もう一度、重なる手
「じゃあ、私、仕事戻るね。ひさしぶりに会えて、嬉しかった。アツくんもお仕事頑張って」
笑顔で手を振って、エレベーターのボタンを押す。すぐに扉を開けたエレベーターに乗り込もうとすると、「待って、フミ」とアツくんが私の腕をつかんで引き留めてきた。
「せっかく再会できたのに、これでまたしばらく会えなくなっちゃうのは嫌だな」
眉尻を下げたアツくんが、切実そうな声で私に訴えてくる。その言葉が嬉しくて、胸がドキドキした。

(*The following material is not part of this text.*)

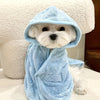 A white dog wearing a light blue absorbent quick-dry bathrobe with a hood.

「十四年前に別れてから、ずっと気になってたんだ。フミのこと。元気にしてるのかな、って。だから、会えて本当に嬉しい」
「うん、私もだよ」
少し照れながら頷くと、アツくんがほっとしたように微笑んだ。
「よかった。フミが良ければ、連絡先教えて。ときどき会って、離れてたあいだのこととかゆっくり話せたら嬉しい」
「うん」
アツくんがズボンのポケットからスマホと取り出すのを見て、私も肩にかけていたカバンからスマホを取りだす。ふたりで顔を突き合わせて交換したのは、ラインの二次元バーコード。
「じゃあ、また連絡するな」
「うん、またね」
アツくんの連絡先を登録して、今度こそエレベーターに乗り込む。
だけど、アツくんと別れたあとも私の胸の昂りはすぐには治らなかった。
十四年ぶりだ。もう二度と会うことはないと思っていたアツくんに、こんなカタチで再会ができるなんて――。
アツくん——、二宮侑弘は、私にとって特別な人だった。
血の繋がりがあるわけではないし、恋愛感情を持っていたわけでもない。でも、家族よりも、これまで付き合ってきた恋人の誰よりも大切で特別。
十四年前も今も、その気持ちは変わっていない。